«Заповедник» в театре

Спектакль «Заповедник» по одноименной повести Довлатова, сыгранный последний раз в этом сезоне на подмостках театра Владимира Малыщицкого, поражает при всем трагизме толкования ощутимым сходством с драматичной иронией первоисточника. Существование в обществе, предлагающем вместо правды и понимания лицемерие и спирт, так и не смогло заставить Довлатова злобно брюзжать или брызгать истеричной слюной. Его проза чем-то напоминает чеховскую сатиру, в чем-то похожа на гоголевские фарсы, оставаясь при этом глубоко индивидуальной.

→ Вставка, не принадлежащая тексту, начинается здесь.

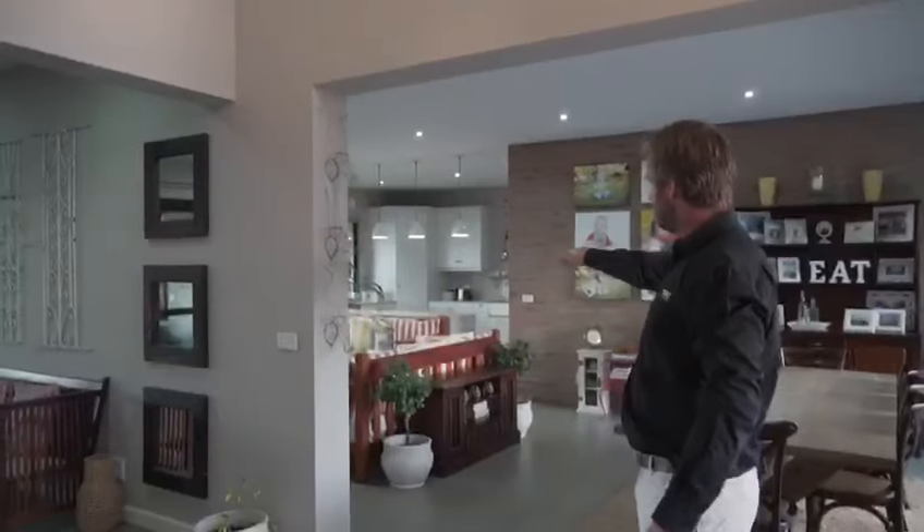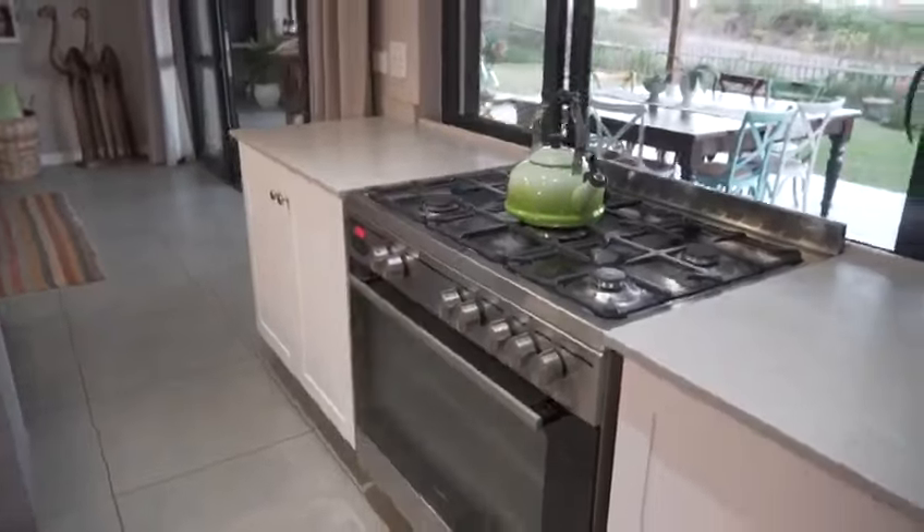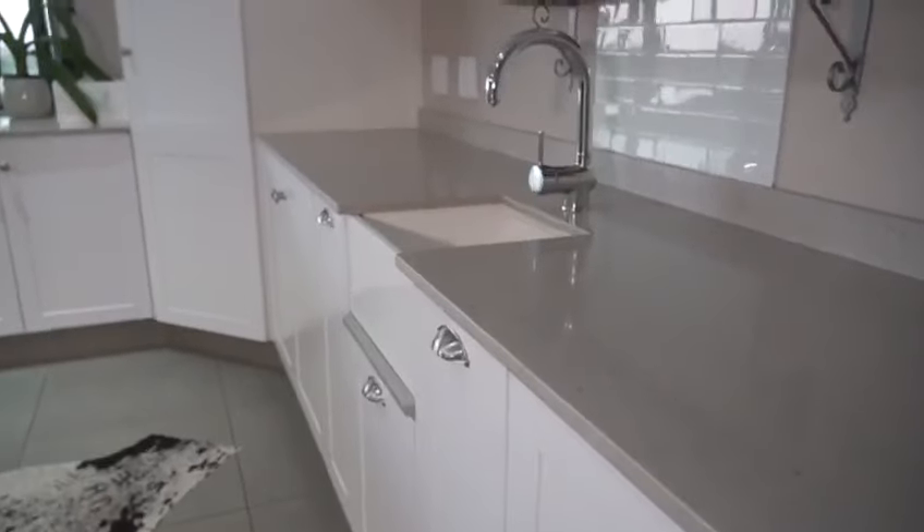Then you've got a kitchen that's awesomely laid out with a six plate gas top stove and a little prep bowl.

Сам спектакль сыграли уже в 690-й раз. Не единожды хотели снять из репертуара. В результате следующий сентябрь снова возродит «Заповедник» к жизни. О том, что это самая удачная постановка, раскрывающая мироощущение и, собственно, суть писательской натуры, говорили многие, в том числе и жена Довлатова. Алексей Герман несколько раз смотрел «Заповедник», уловив в нем кинематографические приемы. А сам Малыщицкий в ноябре прошлого года был награжден званием «Режиссер года». Очевидно, ему удалось передать главное – поэзию довлатовской прозы. Очерчивая персонаж лишь парой строк, Довлатов создавал завершенный, живой образ. Причем, изображая убожество недавнего быта, писатель наделял героев редким обаянием. И это нашло яркое отражение в спектакле. Рваные ватники, стеклотара, деревянные ящики – среди этого антуража бедокурит русский дух, порой такой же грубый и неприглядный, как кирзовый сапог, порой – загадочный, как бермудский треугольник. Здесь и майор КГБ с мыслями заправского диссидента, и придурковатый стукачок, и вечно пьяный безрассудный люмпен Михал Иваныч. «Это было с нами, – говорит Малыщицкий, – от этого никуда не деться. Мы соединили три произведения: «Чемодан», «Записные книжки» и, естественно, «Заповедник». Сделали спектакль о талантливом человеке и о России. Чем она тогда жила? Ложью. Довлатов не принимал ложь, ни в искусстве, ни в быту. И вот вроде его выгнали... Но Родина – это мы сами. И все, что было с нами, – Родина. И этого никто не убьет, ни демократы, ни коммунисты».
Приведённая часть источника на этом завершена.